A marginalização da história islâmica no Brasil é tão elevada que inevitavelmente leva a confusões em relação às reais origens de objetos religiosos como o patuá, oriundo da tradição cultural das bolsas de mandinga.

“Eu nem imaginava que o patuá tinha uma origem islâmica. Para mim o patuá tinha uma questão mais ligada à cultura iorubá, aos orixás, mas não, ele tem origem islâmica, que são essas bolsas de mandinga. Depois que você descobre e começa a ver ilustrações da época, até nas ilustrações de Debret que é mais popular, você vê várias pessoas escravizadas usando as bolsas de mandinga no pescoço e é uma coisa que passava super batida por mim quando eu estava tendo contato com essas ilustrações, não era algo que me chamava atenção. Depois eu pesquisava, ia vendo e dizia: ‘isso daqui esteve presente o tempo todo e só não prestamos atenção’”, disse o carnavalesco.

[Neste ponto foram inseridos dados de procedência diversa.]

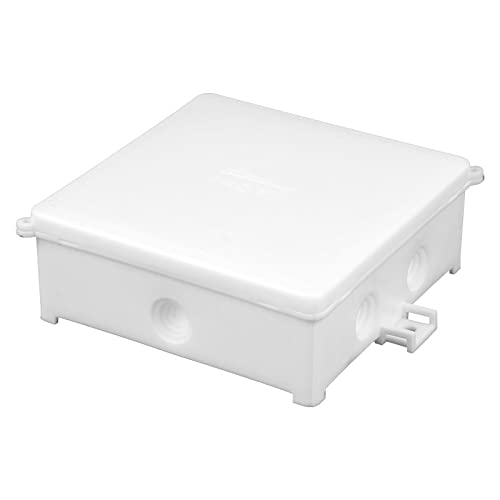 Tin n/t luftdicht blanko 100 x 100 mm Pin 100/B weiß 31.100 Electro-Plast Spatel 5905548283746 von elektro-plast opatÓwek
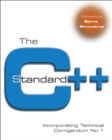 The C++ Standard : Incorporating Technical Corrigendum No.  1 - Book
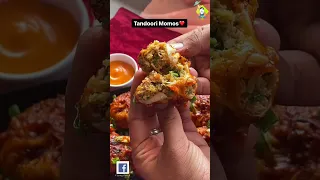Delicious Tandoori Chicken Momo|Street food India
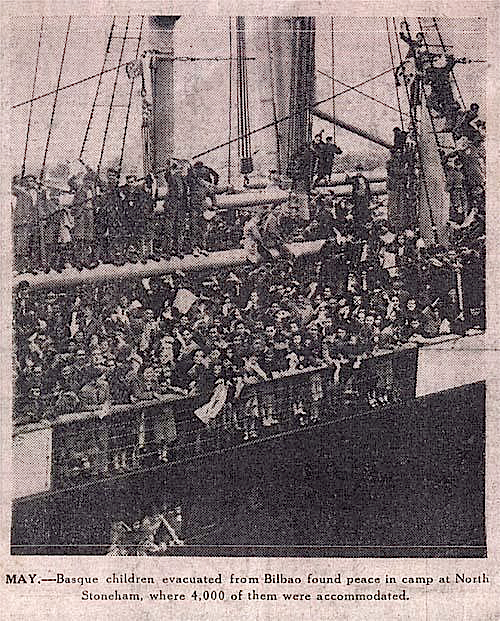 GuernicaVluchtelingen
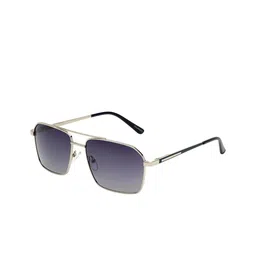 KOSCH ELEMENTE Men Full Rim Rectangle Sunglasses with Polarised Lens- KST 2149 (S) image 2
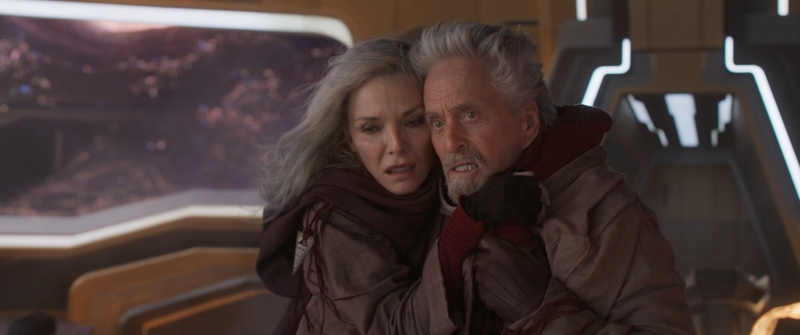 Une scène du film Ant-Man and the Wasp: Quantumania
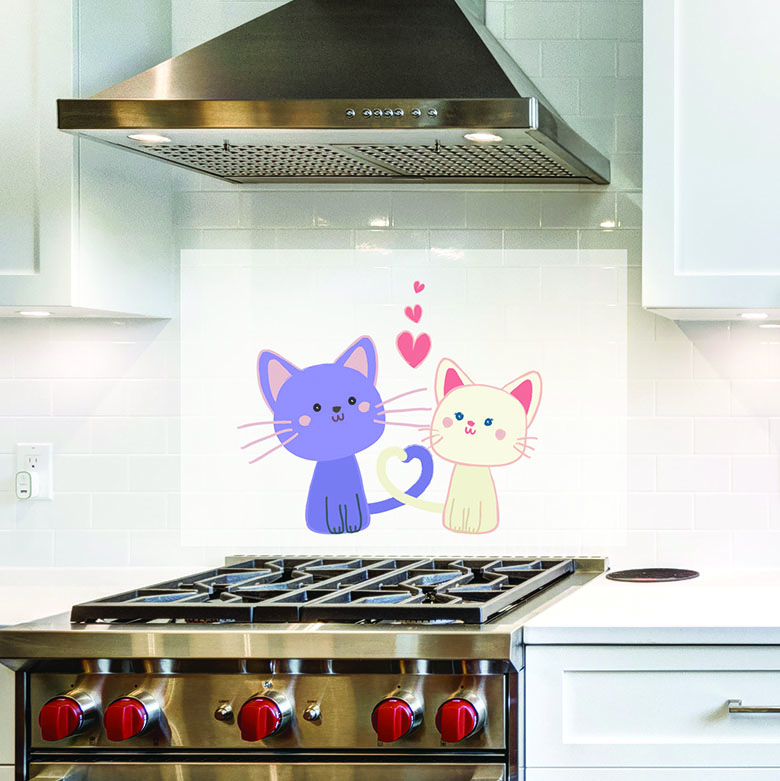 Decal dán BẾP (nền trong suốt) - Trang trí nhà cửa - THUTHAODECOR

Mocidade Alegre na Avenida, da bolsa de mandinga à terça com o terço na mão

O enredo da Mocidade é dividido em cinco setores. A narrativa vai do surgimento da bolsa de mandinga, relatando sua transformação por diferentes culturas, chegando ao desenvolvimento das associações entre símbolos cristãos e as crenças originais dos povos africanos. O desfile também mostrará como Salvador se tornou uma verdadeira capital brasileira do sincretismo religioso, com diferentes crenças convivendo em proximidade, respeito e compartilhando esses objetos de culto. A modernidade, que permitiu a liberdade de expressar o orgulho do que se acredita, levou ao fortalecimento de manifestações como as das escolas de samba, encontrando na Mocidade Alegre um exemplo de comunidade fortemente ligada às suas crenças religiosas. Caio Araújo confirmou que haverá referência à clássica cena da presidente da escola, Solange Cruz, que no dia da apuração carrega consigo diversos terços enquanto ouve ao lado de Mestre Sombra, seu marido, a leitura das notas.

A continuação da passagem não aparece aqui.